• [Work required]
Of the lines below, write out exactly those from the line with "19 Bouddhiste de" through the line with "Graphical abstract: Selective", both included, and skip the rest.

• [Data supplied]
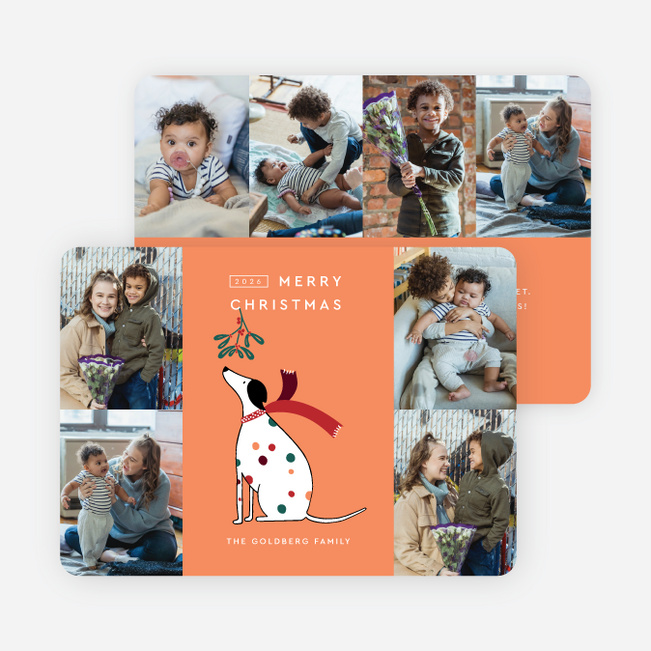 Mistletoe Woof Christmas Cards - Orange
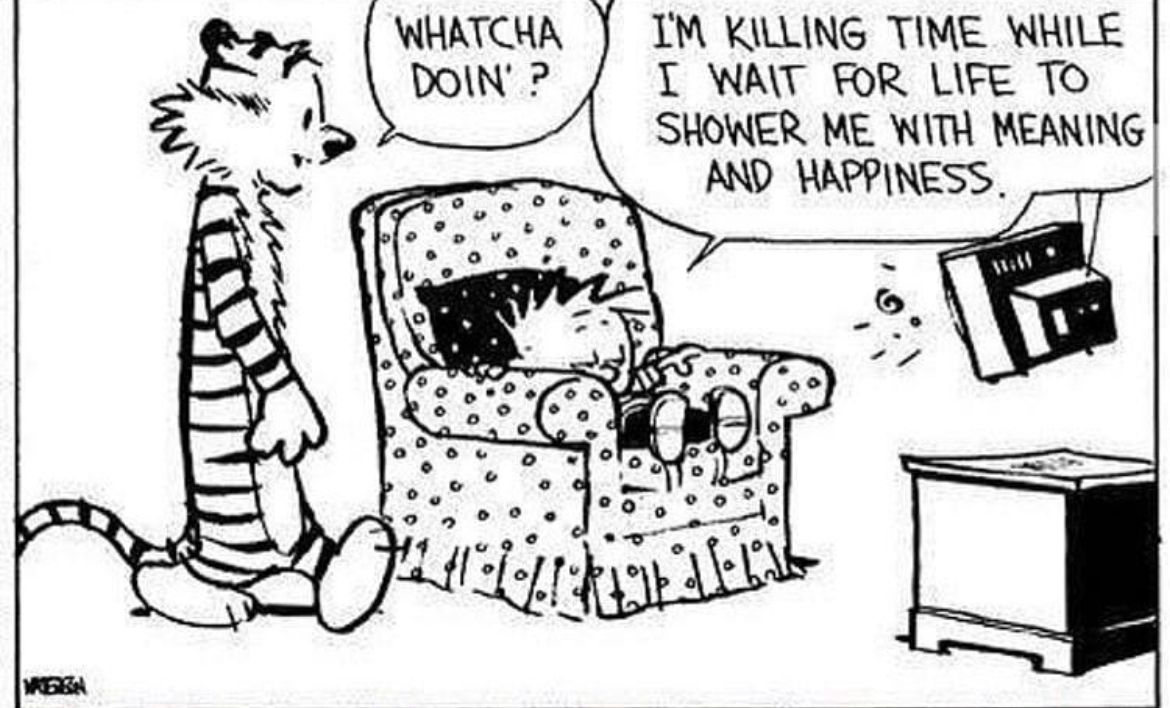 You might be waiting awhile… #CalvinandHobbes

--

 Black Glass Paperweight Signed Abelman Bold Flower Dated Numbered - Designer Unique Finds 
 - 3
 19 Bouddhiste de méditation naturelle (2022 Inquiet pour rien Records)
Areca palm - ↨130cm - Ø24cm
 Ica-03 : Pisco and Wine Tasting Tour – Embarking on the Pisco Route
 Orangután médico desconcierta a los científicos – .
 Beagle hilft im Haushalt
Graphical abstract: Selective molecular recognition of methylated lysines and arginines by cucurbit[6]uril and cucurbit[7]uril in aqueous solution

• [Exercise answer]
 19 Bouddhiste de méditation naturelle (2022 Inquiet pour rien Records)
Areca palm - ↨130cm - Ø24cm
 Ica-03 : Pisco and Wine Tasting Tour – Embarking on the Pisco Route
 Orangután médico desconcierta a los científicos – .
 Beagle hilft im Haushalt
Graphical abstract: Selective molecular recognition of methylated lysines and arginines by cucurbit[6]uril and cucurbit[7]uril in aqueous solution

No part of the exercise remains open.